While following the main group to the nearby field training base, Xiang Chuan’s mind was full of those ordinary cute little sparrows. She had looked up the preservation of modern plants and animals on the internet on her first day of transmigration, but the trees around were mostly gene-modified common species, and she had never seen birds, sparrows, cats, dogs, and such. This left her puzzled and curious: Where did all the animals go? Later, when she had free time, she remembered and searched, finding out that all non-livestock animals had been placed in the large environmental protection zones of the twelve fleets. Each fleet simulated different marine and terrestrial environments to more comprehensively preserve Earth’s diverse environmental organisms.
For example, the Fourth Fleet, with ocean covering one-third of the main ship’s area, built a tropical rainforest; the Seventh Fleet, rich in various plant materials, built a subtropical plain; their own Third Fleet built a subtropical basin, or rather, a karst landform. When Xiang Chuan, originating from Earth’s Huaxia karst landform region, saw the terrain features of the Third Fleet’s ecological reserve, she felt a sense of hometown belonging toward this main ship that had voyaged through the universe for thirty thousand years.
And the non-livestock animals successfully recreated using cloning technology were all released into the reserves for management and protection out of a conservation concept, to avoid animals appearing and causing various unexpected impacts on human modern activities.

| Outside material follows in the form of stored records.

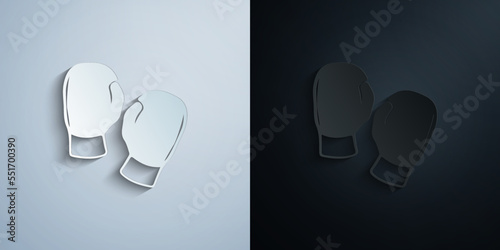 silhouette of boxing glove paper icon with shadow vector illustration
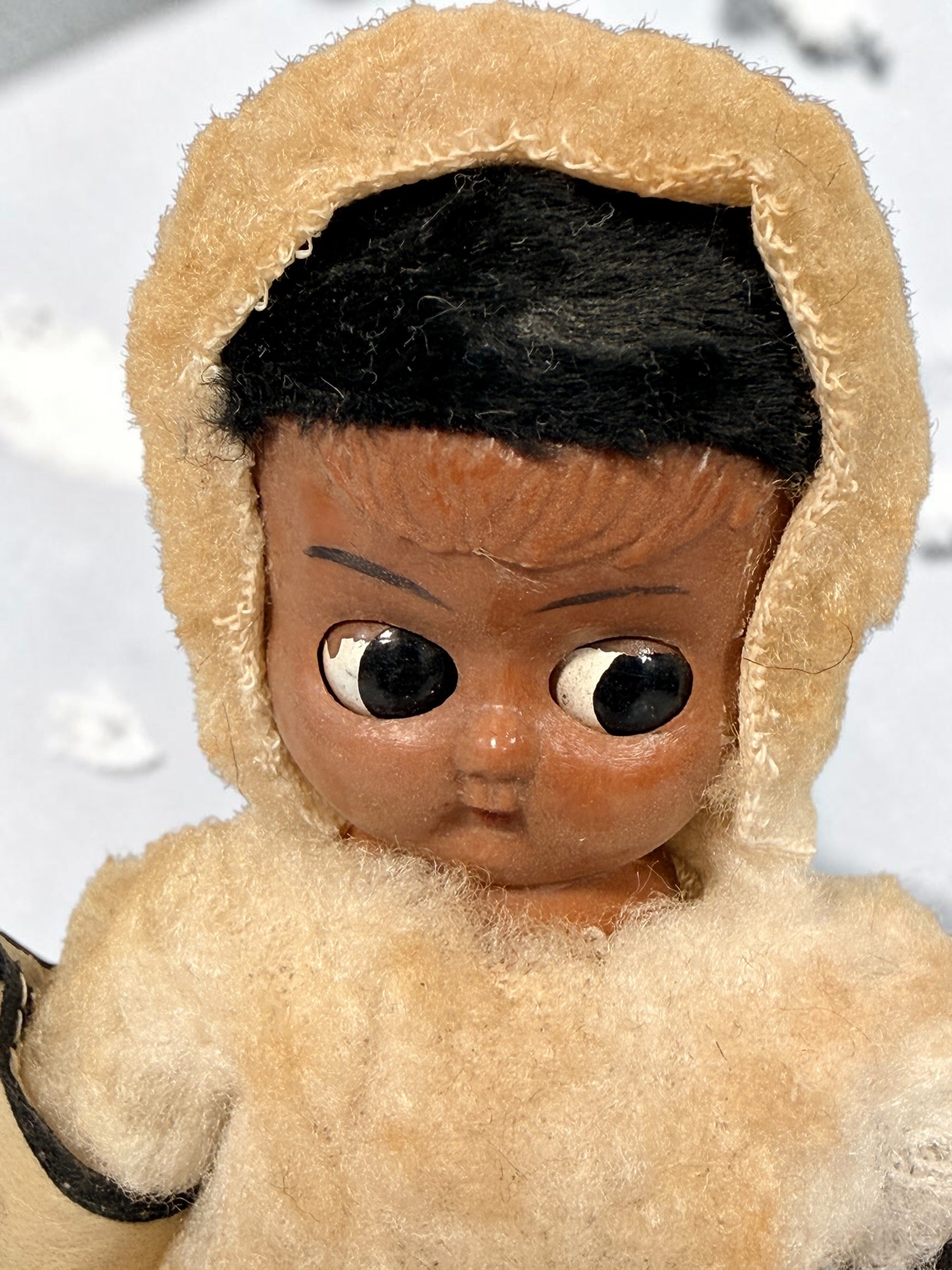 Vintage Hong Kong Inuit-style souvenir doll with sleep eyes, faux-fur parka and beaded footwear. 1960s–1970s collectible in worn condition.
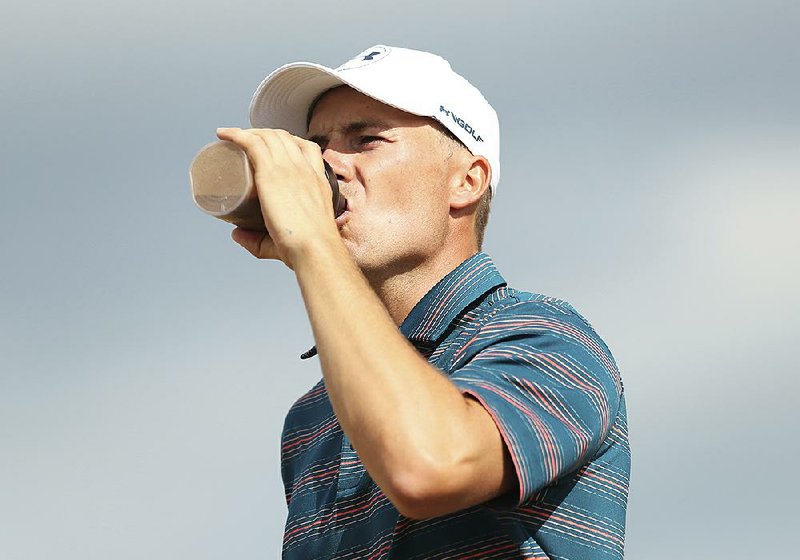 Jordan Spieth takes a drink as he walks off the ninth tee box during the final round of the British Open on July 22 in Carnoustie, Scot- land. Spieth and his fellow golfers may need plenty of liquids on hand as they compete in the August heat at this week’s PGA Championship in St. Louis.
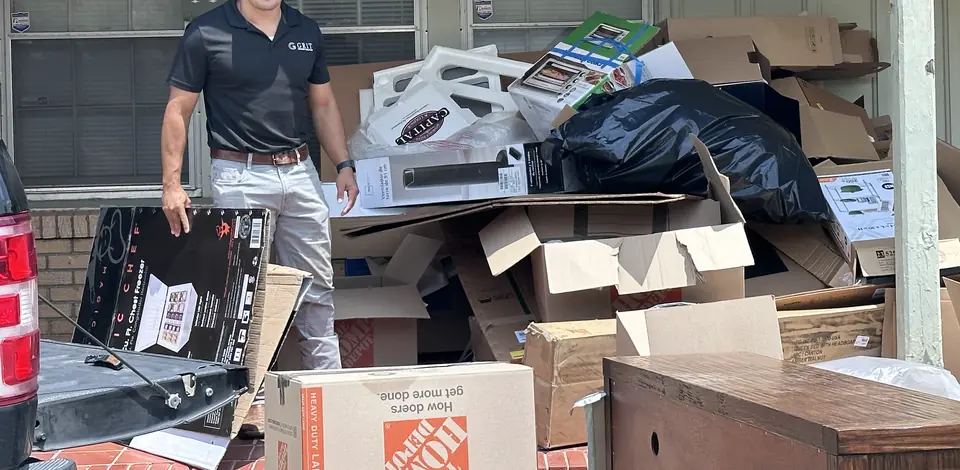 GRIT team member clearing a pile of boxes and household junk from a Lubbock garage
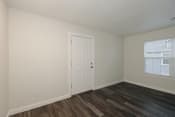 Thumbnail 23 of 55 - a bedroom with hardwood floors and white walls at Bennett Ridge Apartments, Oklahoma City, Oklahoma
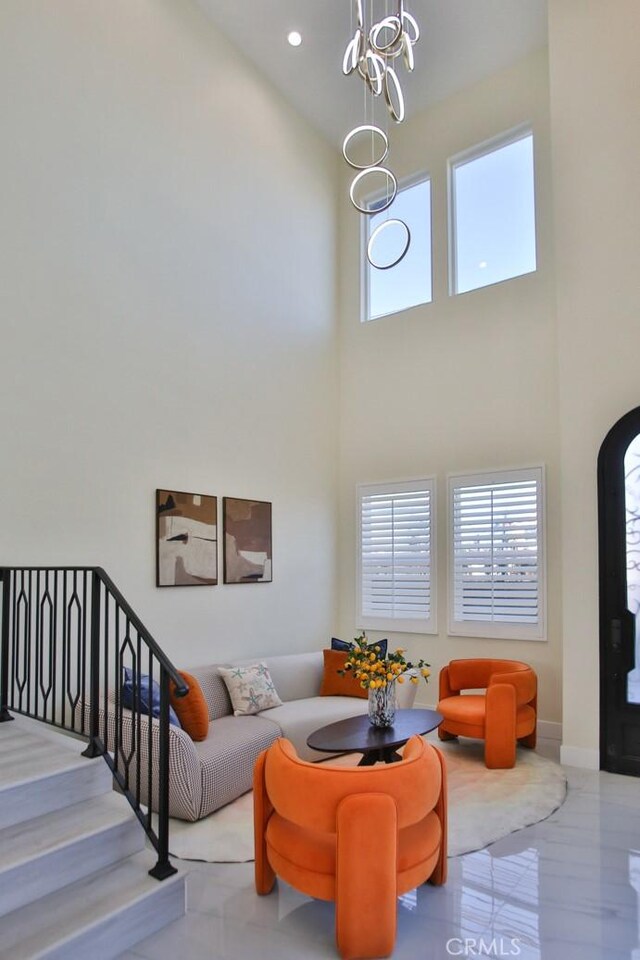 living room with a towering ceiling, plenty of natural light, and a notable chandelier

But this also reduced human-animal contact to nearly the point of unfamiliarity. The main reason was that after human medical research broke through the human lifespan limit, all nature’s animals were short-lived creatures to humans, offering too little companionship time and only adding sorrow. Over time, humans stopped raising biological pets, letting them return to the natural world in the environmental protection zones.
So modern humans developed in an environment without diverse organisms.
Seeing sparrows today, which used to be everywhere on streetside plazas, made Xiang Chuan truly realize this. It also made her especially miss the two native dogs (or should they be called Chinese rural dogs?) kept by her parents in her hometown, her brother and sister, and the two native dogs Xiao Hei and Xiao Huang. They were her playmates who accompanied her to adulthood before she went to university out of town after high school graduation. After studying, to not disturb her brother and sister, Xiang Chuan would go to the yard or downstairs to walk and play with Xiao Hei and Xiao Huang.
She remembered that during this year’s New Year visit home, Xiao Hei and Xiao Huang had aged quite a bit, playing in the yard with two little native dogs that had grown almost as big as they were back then. But a cold wind blew, and they all scurried back inside, full of energy.
Arriving in a new area—could it break the deadlock of insufficient ingredient variety?